492 In Radmanovich, I found that what must be decided is whether each particular rule is so fundamental that it is a term of the trust, or whether it is merely an “incidental matter of regulation” which does not go to the core of the trust: 669.

493 My conclusion is that it is too difficult and of little use to find where the line is to be drawn in every case, however excluding the Bishop from the church is certainly a breach of a “fundamental” rule of church law which goes to the heart of the trust.

494 This is because it goes to the heart of an hierarchial church, even one which has provided for involvement of the laity to a significant degree that the basis leadership of the bishop is excluded.

495 The doctrine of Apostolic Succession as accepted by the MOC heavily relies on the tradition from one set of bishops to the next of the faith of the Apostles.
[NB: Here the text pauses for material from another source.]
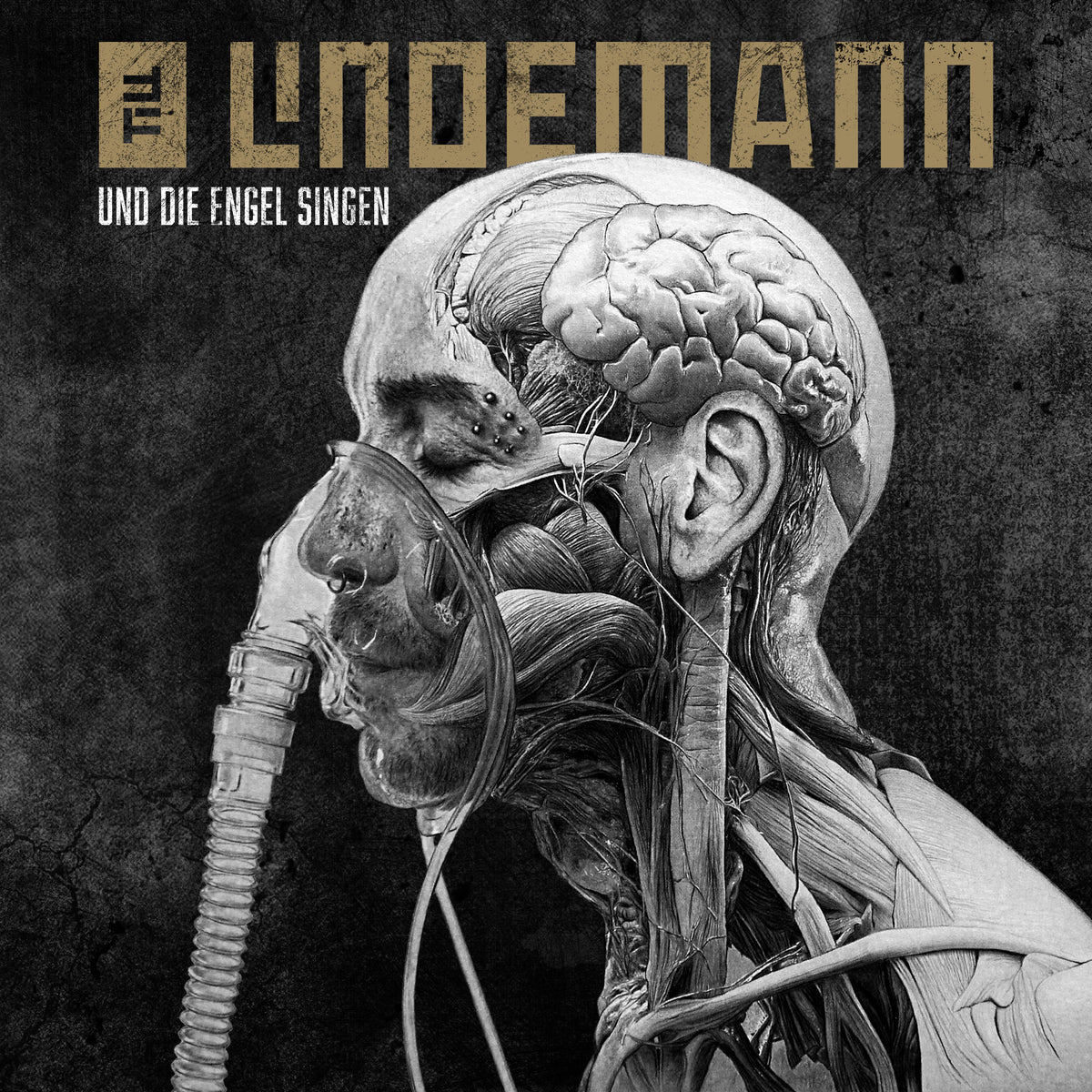 UND DIE ENGEL SINGEN - Back Cover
The direction of the church by a person whose orthodoxy is pure and accepted is vital to the framework of the whole church.

496 Thus I have no difficulty in finding that the alleged breaches (a), (b) and (h) and their associated breaches are fundamental.
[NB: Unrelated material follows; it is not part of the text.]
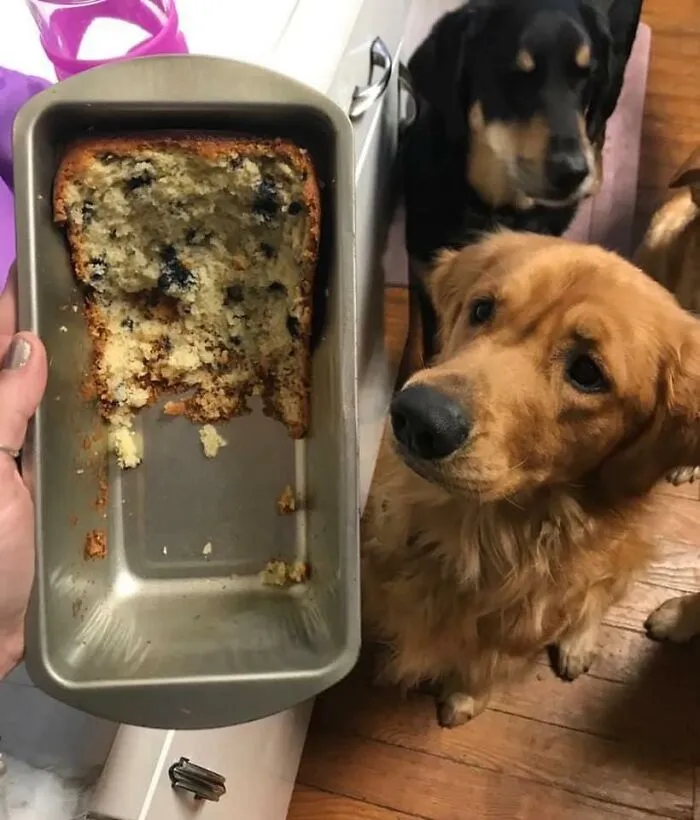 The 'Guilty Dog' Challenge Got People Competing About Whose Dog Is The Naughtiest (30 Pics)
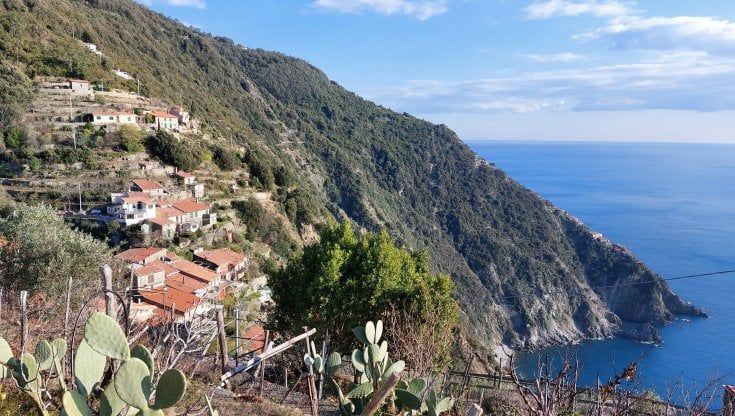 La corsa a ostacoli per i vigneti delle Cinque Terre patrimonio Unesco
497 There may be some doubt as to alleged breaches set out in (d)(i) and (j) are fundamental, but this is of little moment as these matters will be subsumed in the more serious matters.

              Answer to the Question

498 The question is:

      What are the terms of the Declared Trust or the Church Trust in so far as material for the following alleged breaches of trust?

499 The question should be answered by saying that the terms of the relevant trust do not justify the exclusion of the bishop from the parish Church of St Petka nor the employment of any priest not authorised by the bishop nor the closing, alteration, addition to the Church building or its ornaments without the Bishop’s approval.

500 I do not consider that it is useful to address each sub-question, I will direct the plaintiffs to bring in short minutes of orders. It may be that I will be persuaded that it would be helpful to provide some answers to the sub-questions.

                  Costs

501 As the defendants have really failed on all aspects of the separate question, I can see no reason why they should not pay the costs of the exercise.

          Orders for further conduct of the proceedings

502 The proceedings should stand over to 6 March 2009 at 10.00am for short minutes to be brought in. The short minutes should, in addition to stating orders that are appropriate because of these reasons, also contain directions for the ongoing conduct of the proceedings.